I’m new to Data Science and RM.  

I am asking for some help in the following task. I am building a model, that would forecast energy consumption for every day. I have a lot of training data and I have already prepared input parameters of one month of test data. Because test data are from past, I also have the exact energy consumption figures for the whole month. So, I would like to validate my model, based on this test data.

 

Is there any function in RapidMiner that would predict energy consumption for the first day of the month, then take the exact consumption figure from an additional file and use it as a training data and after that predict energy consumption for the second day of the month? Then again, take the exact consumption for second day, use it as a training data and predict consumption for day three of the month, and again, and again, for the whole month.

What I actually need is an algorithm that would predict, then learn from some extra information (not previously known) and train again, repeat this whole task again. 

 

I would appreciate some good advice, thank you in advance!

 

Tagged:

Best Answer

Answers

  • gp3354gp3354 Member Posts: 2 Contributor I

    Hello rfuentealba

    thank you for the elaborate answer, you're amazing. 
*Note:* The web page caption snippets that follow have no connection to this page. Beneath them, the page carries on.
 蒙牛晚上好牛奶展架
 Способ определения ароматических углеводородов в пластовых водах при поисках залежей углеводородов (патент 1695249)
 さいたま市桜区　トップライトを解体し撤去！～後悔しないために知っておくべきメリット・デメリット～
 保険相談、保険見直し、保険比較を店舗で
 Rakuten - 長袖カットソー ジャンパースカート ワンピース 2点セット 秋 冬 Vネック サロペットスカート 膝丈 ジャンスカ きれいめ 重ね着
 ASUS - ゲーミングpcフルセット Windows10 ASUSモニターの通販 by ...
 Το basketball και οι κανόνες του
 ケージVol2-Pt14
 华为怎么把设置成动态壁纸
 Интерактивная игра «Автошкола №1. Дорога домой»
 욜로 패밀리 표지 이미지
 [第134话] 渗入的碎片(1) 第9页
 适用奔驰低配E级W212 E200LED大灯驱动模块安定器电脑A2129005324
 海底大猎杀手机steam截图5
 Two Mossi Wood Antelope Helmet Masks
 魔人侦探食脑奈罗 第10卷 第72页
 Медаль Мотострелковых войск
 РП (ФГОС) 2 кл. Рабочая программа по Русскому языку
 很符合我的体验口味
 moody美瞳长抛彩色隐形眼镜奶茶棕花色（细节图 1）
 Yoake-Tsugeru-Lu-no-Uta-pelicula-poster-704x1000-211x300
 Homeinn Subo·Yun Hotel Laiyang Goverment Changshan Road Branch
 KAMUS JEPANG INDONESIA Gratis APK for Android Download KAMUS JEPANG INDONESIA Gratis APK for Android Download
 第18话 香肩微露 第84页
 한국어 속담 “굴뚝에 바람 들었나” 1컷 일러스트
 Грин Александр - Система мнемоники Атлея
    I was hoping there might be a built-in function that would solve that problem recursively, but your answer was helpful anyway. 

     

  • rfuentealbarfuentealba Moderator, RapidMiner Certified Analyst, Member, University Professor Posts: 568 Unicorn

    Hi @gp3354!

     

    Glad it helped.

     

    A little while after I replied, I thought about something else that you should take in consideration. As I don't know what your data looks like, I'll make something up to explain my point.

     

    Let's say this is your data:

     

    Monday, 101kw

    Tuesday, 97kw

    Wednesday, 98kw

    Thursday, 94kw

    Friday, 104kw

    Saturday, 119kw

    Sunday, 93kw.

     

    Let's say you apply a decision tree (I don't care about the algorithm, so I chose this to make it easy), and that since it's Monday, the decision tree is confident that your consumption will be 101kw...

     

    If you put this as your new data, it's ok, but... what if on that Monday, your brother appeared at home with some beers to watch a soccer game, your neighbour asked you if she could use your laundry machine, and you used the coffee machine more than what was expected because you couldn't sleep? That would result in having more than the 101kw you predicted yet you are still reinforcing your algorithm with your prediction data instead of using your new data that may be different. Evaluate if what you want is to use the prediction or the outcome and fix appropriately, if you find it ok.

     

    Never forget this rule (I forget it more often than not): Machine Learning isn't about forecasting the future but about using data to drive your decision making, by creating a mathematical idea of what will happen if the behaviour you are studying continues. I guess you already know how to use the operators I sent you, these are enough to solve this minor inconvenient.

     

    All the best,

     

    Rodrigo.

  • pusercpuserc Member Posts: 6 Contributor I

    Thank you so much Mr. rfuentealba .

    It would be really helpful to the whole community if you share the xml version of that algorithm. I'll be grateful for your support.

     

    Best Regards.

  • rfuentealbarfuentealba Moderator, RapidMiner Certified Analyst, Member, University Professor Posts: 568 Unicorn
    Hello @puserc,

    Have you solved your problem? I haven't been in front of a computer in the past days, if you want I can send it tomorrow.

    Best regards,
  • pusercpuserc Member Posts: 6 Contributor I

    Hello everyone,

    No Mr rfuentealba , I couldn't create it.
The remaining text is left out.